Alice belum menanggapi apapun. Ia masih mengamati kepergian taksi yang membawa orang yang baru saja ia tolong itu. "Aku bukan pahlawan, aku hanyalah seorang pendosa."
"Semua orang adalah pendosa, hanya dosanya saja yang berbeda-beda. Bicara soal dosa, nanti malam pesta pembukaan Fortuna's Gacha pasti akan berlangsung sangat meriah. Akan ada minuman, narkoba, wanita, dan uang yang dihambur-hamburkan. Daripada mereka menggunakannya untuk berjudi, lebih baik mereka menyumbangkannya kepada anak yatim piatu seperti kami. Kau paham maksudku, bukan?"

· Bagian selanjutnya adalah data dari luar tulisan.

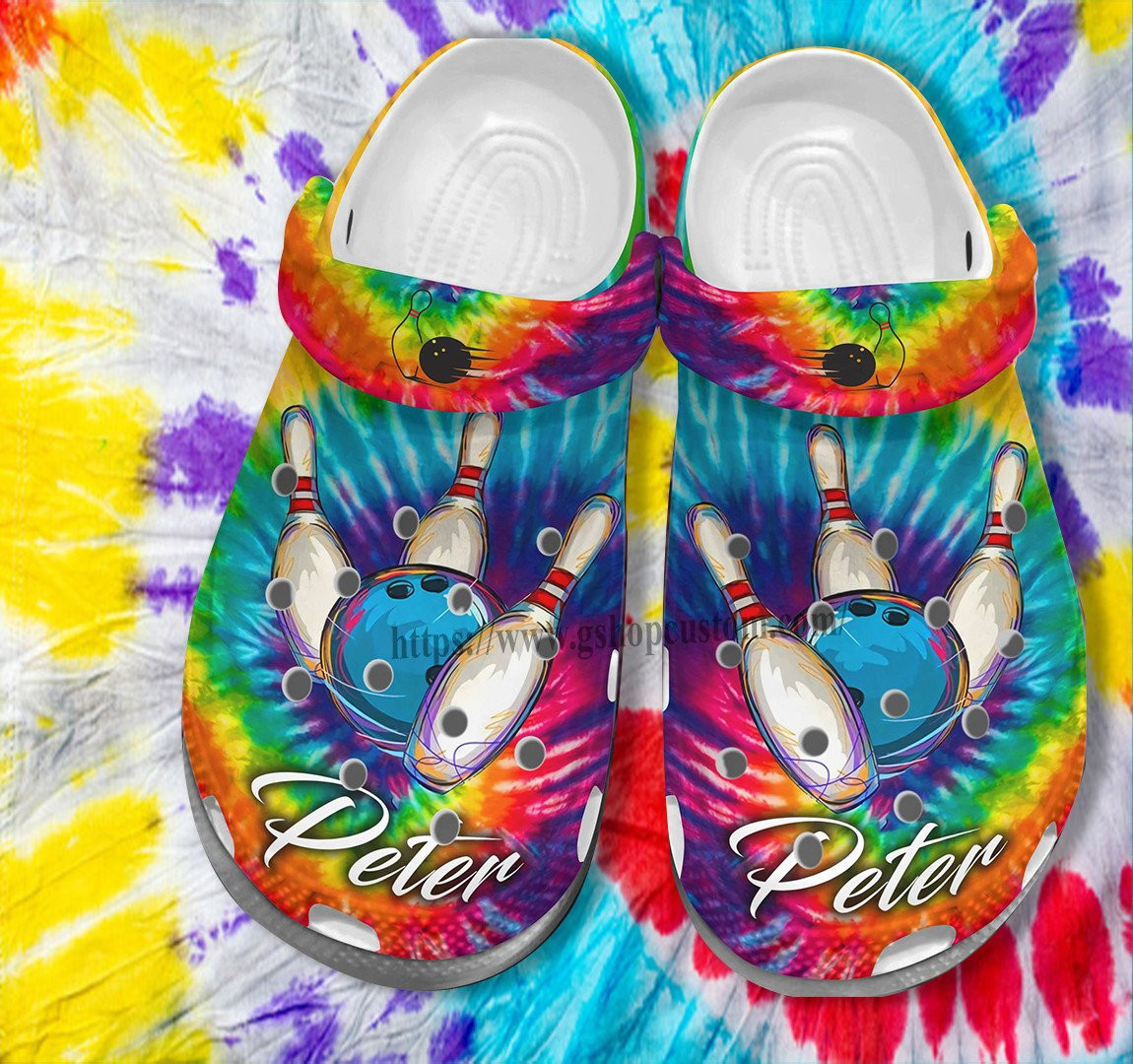 Hippie Bowling Team Shoes For Men Women- Rainbow Bowling Shoes Croc Clogs Customize Name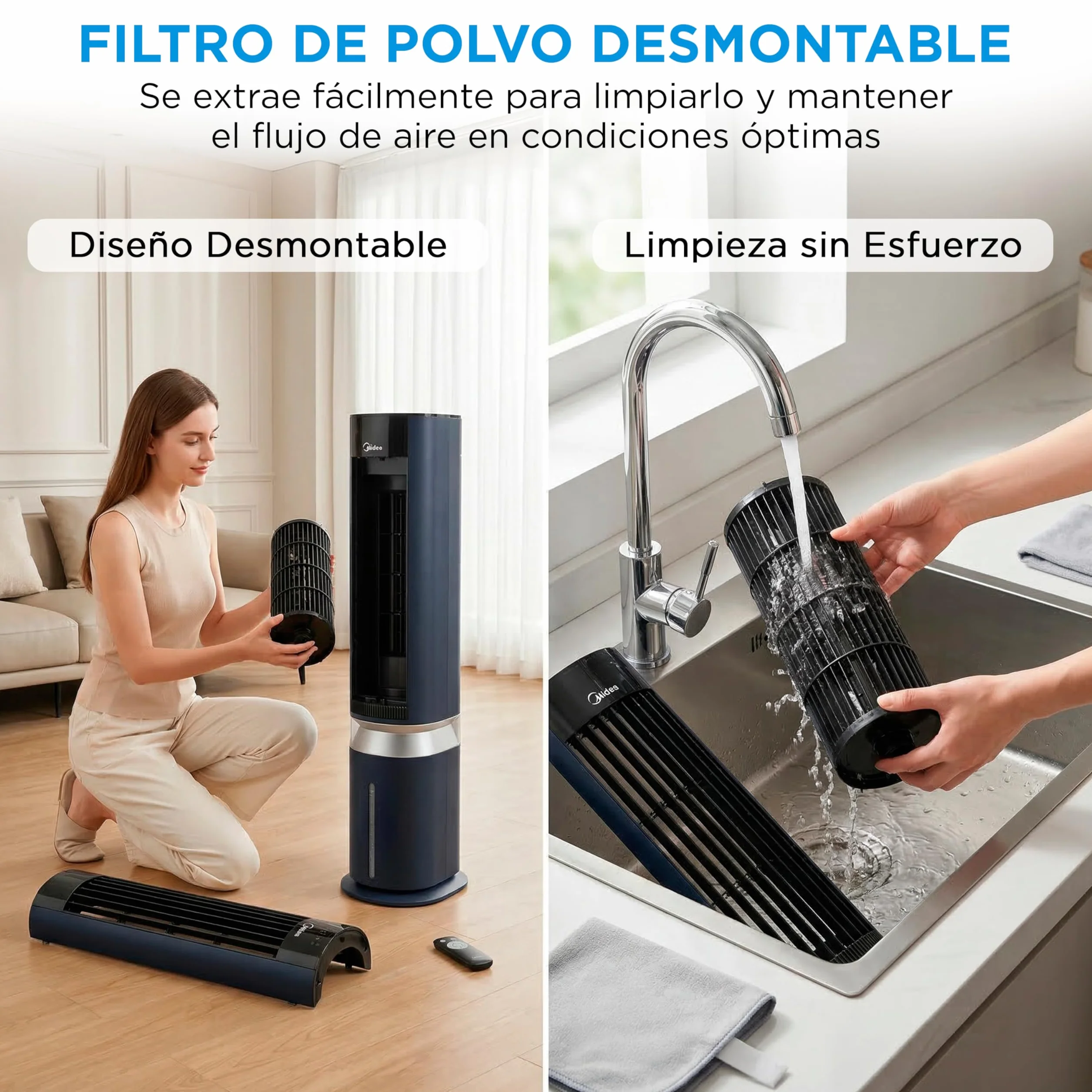 Midea Climatizador Evaporativo Portátil 3 en 1 7L con Mando a Distancia, Ventilador Enfriador Humidificador, 6 Velocidades, 5 Modos, Temporizador 12H, Oscilación 85º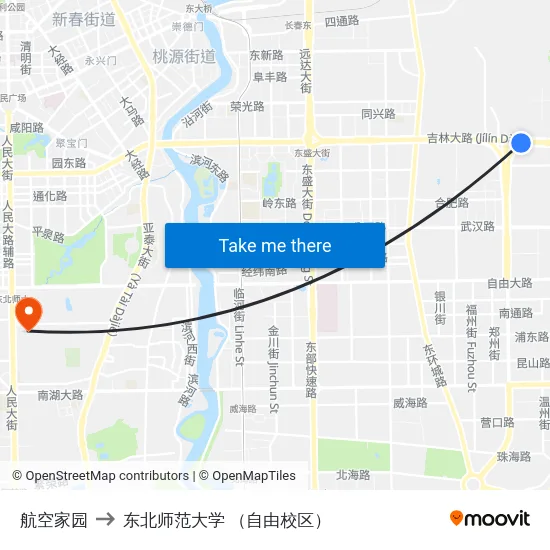 航空家园 to 东北师范大学 （自由校区） map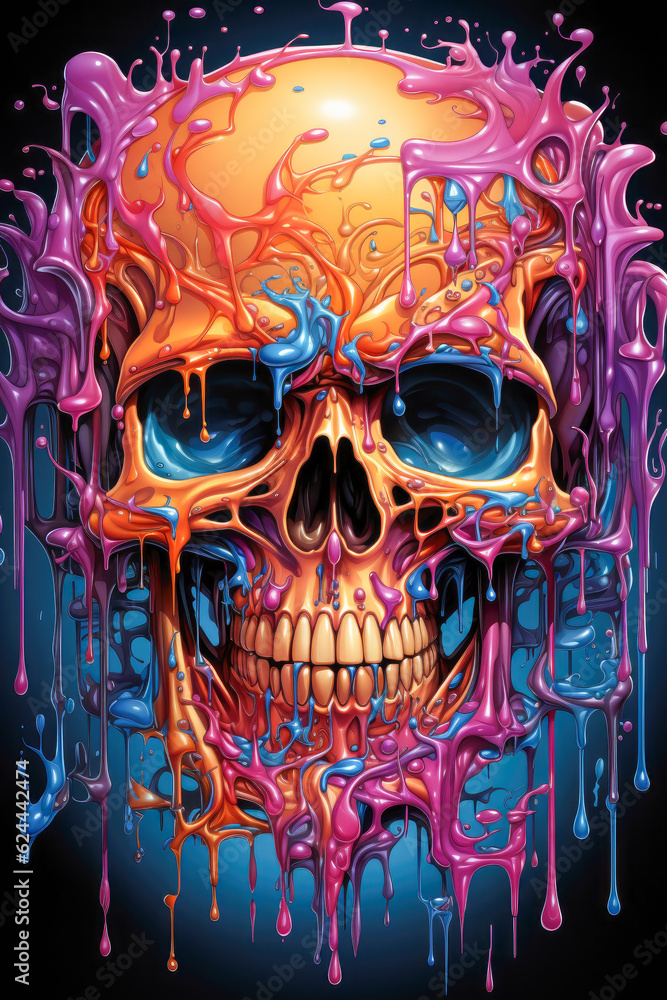 Psychedelic Neon Aggressively Grinning Human Skull, Dripping with Fractal Delights Vector Art Psychedelic Neon Aggressively Grinning Human Skull, Dripping with Fractal Delights Vector Art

Alice menatap Foxy dengan mata yang sayu. Ia belum tidur selama berhari-hari. "Acara nanti malam bukanlah ranahku. Jika kau ingin beraksi di sana, kau akan melakukannya tanpa pengawalan. Sebaiknya, kau jauhi acara itu."
"Tapi, kami semua sedang membutuhkan uang."
"Baiklah, jangan katakan aku tidak memperingatkanmu soal ini. Perusahaan itu menyewa keamanan swasta yang cukup bagus. Kau tidak akan bisa bergerak dengan leluasa. Jika kau tetap nekat, pikirkan saja bagaimana cara melarikan diri dari tempat itu dengan cepat tanpa tertangkap."
Alice pun mulai melangkah pergi meninggalkan Foxy dan Zack. Foxy langsung berpikir keras, apakah ia akan melewatkan kesempatan emas ini begitu saja? Tapi, di sisi lain ada juga resiko besar yang harus mereka hadapi.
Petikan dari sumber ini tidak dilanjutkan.